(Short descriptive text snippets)
<<<<
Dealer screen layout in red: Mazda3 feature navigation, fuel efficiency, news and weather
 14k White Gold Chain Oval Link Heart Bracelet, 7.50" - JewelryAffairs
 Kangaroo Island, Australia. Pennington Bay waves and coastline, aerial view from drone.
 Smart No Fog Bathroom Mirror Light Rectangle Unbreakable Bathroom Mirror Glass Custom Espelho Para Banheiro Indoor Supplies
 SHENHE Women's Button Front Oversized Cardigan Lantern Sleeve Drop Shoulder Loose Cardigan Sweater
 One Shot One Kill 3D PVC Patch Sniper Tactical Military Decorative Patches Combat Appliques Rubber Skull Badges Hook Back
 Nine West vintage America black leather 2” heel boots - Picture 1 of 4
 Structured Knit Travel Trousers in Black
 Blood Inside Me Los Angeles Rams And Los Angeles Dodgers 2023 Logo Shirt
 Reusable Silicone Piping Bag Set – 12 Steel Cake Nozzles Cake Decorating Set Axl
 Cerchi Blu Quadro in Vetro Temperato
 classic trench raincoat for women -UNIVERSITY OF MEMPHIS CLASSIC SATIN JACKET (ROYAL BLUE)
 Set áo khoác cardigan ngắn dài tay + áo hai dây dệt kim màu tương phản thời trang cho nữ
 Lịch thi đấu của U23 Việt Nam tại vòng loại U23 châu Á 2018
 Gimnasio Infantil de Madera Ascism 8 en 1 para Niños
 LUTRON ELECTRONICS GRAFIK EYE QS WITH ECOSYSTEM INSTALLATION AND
>>>>
THE PROBLEM:
Your answer must be the line containing "14k White Gold" and every line after it through the end of the records above, reproduced exactly and alone.

RESPONSE BOX:
 14k White Gold Chain Oval Link Heart Bracelet, 7.50" - JewelryAffairs
 Kangaroo Island, Australia. Pennington Bay waves and coastline, aerial view from drone.
 Smart No Fog Bathroom Mirror Light Rectangle Unbreakable Bathroom Mirror Glass Custom Espelho Para Banheiro Indoor Supplies
 SHENHE Women's Button Front Oversized Cardigan Lantern Sleeve Drop Shoulder Loose Cardigan Sweater
 One Shot One Kill 3D PVC Patch Sniper Tactical Military Decorative Patches Combat Appliques Rubber Skull Badges Hook Back
 Nine West vintage America black leather 2” heel boots - Picture 1 of 4
 Structured Knit Travel Trousers in Black
 Blood Inside Me Los Angeles Rams And Los Angeles Dodgers 2023 Logo Shirt
 Reusable Silicone Piping Bag Set – 12 Steel Cake Nozzles Cake Decorating Set Axl
 Cerchi Blu Quadro in Vetro Temperato
 classic trench raincoat for women -UNIVERSITY OF MEMPHIS CLASSIC SATIN JACKET (ROYAL BLUE)
 Set áo khoác cardigan ngắn dài tay + áo hai dây dệt kim màu tương phản thời trang cho nữ
 Lịch thi đấu của U23 Việt Nam tại vòng loại U23 châu Á 2018
 Gimnasio Infantil de Madera Ascism 8 en 1 para Niños
 LUTRON ELECTRONICS GRAFIK EYE QS WITH ECOSYSTEM INSTALLATION AND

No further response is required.